Nicky Clarke, chief people officer at Northern Care Alliance NHS Foundation Trust, said: “I can confirm Alison Kelly has been suspended. We are unable to comment any further at this moment in time.”

In response to allegations, Ms Kelly said on Friday: “It is impossible to imagine the heartache suffered by the families involved and my thoughts are very much with them.

“These are truly terrible crimes and I am deeply sorry that this happened to them.

“We owe it to the babies and their families to learn lessons and I will fully cooperate with the independent inquiry announced.”

In response to the verdict, the Department for Health and Social Care announced an independent inquiry which will look into the failings by the NHS hospital.

However, families have called for the inquiry to be converted into a full public inquiry able to compel evidence and witnesses.

The case has shone a spotlight on the NHS whistleblowing system, with The Hospital Consultants and Specialists Association (HCSA) calling for it to be overhauled.
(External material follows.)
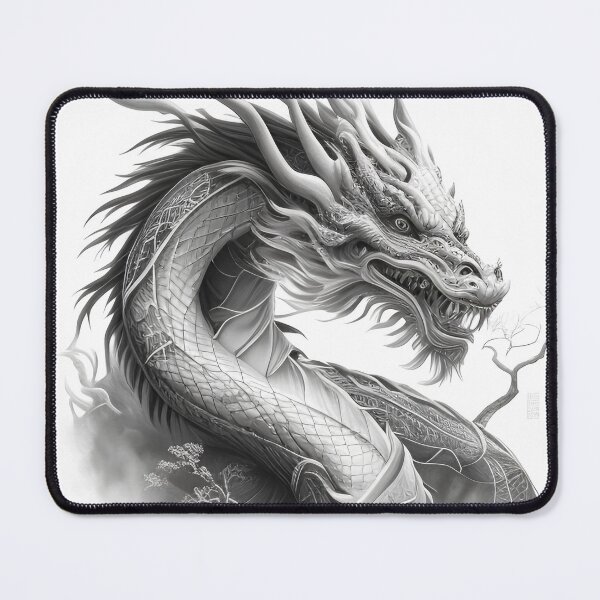 Item preview, Black and white pencil drawing of a Chinese Dragon designed and sold by Pencil-Art.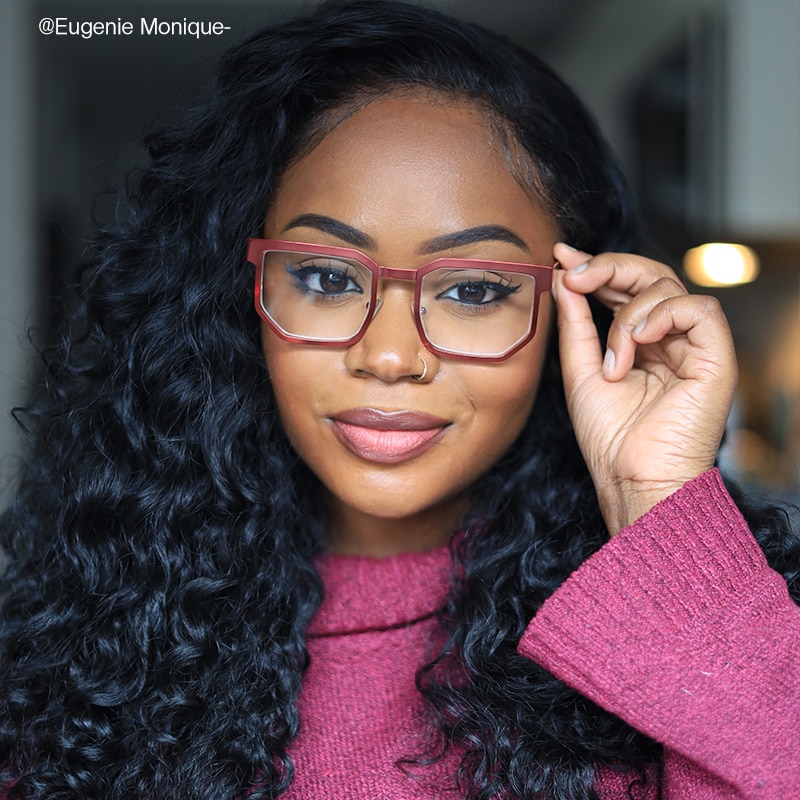 Resa - Rectangle Red Eyeglasses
An NHS England spokesperson said: “We welcome the independent inquiry announced by the Department of Health and Social Care into the events at the Countess of Chester and will cooperate fully to help ensure all lessons are learned.

“In light of information that has emerged during the trial of Lucy Letby, and the announcement of the independent inquiry, the Northern Care Alliance has suspended Alison Kelly.”

Reacting to the guilty verdicts on Friday, Parliamentary and Health Service Ombudsman Rob Behrens said there must be a “significant” improvement in NHS leadership and culture.

“We need to see significant improvements to culture and leadership across the NHS so that the voices of staff and patients can be heard, both with regard to everyday pressures and mistakes and, very exceptionally, when there are warnings of real evil.”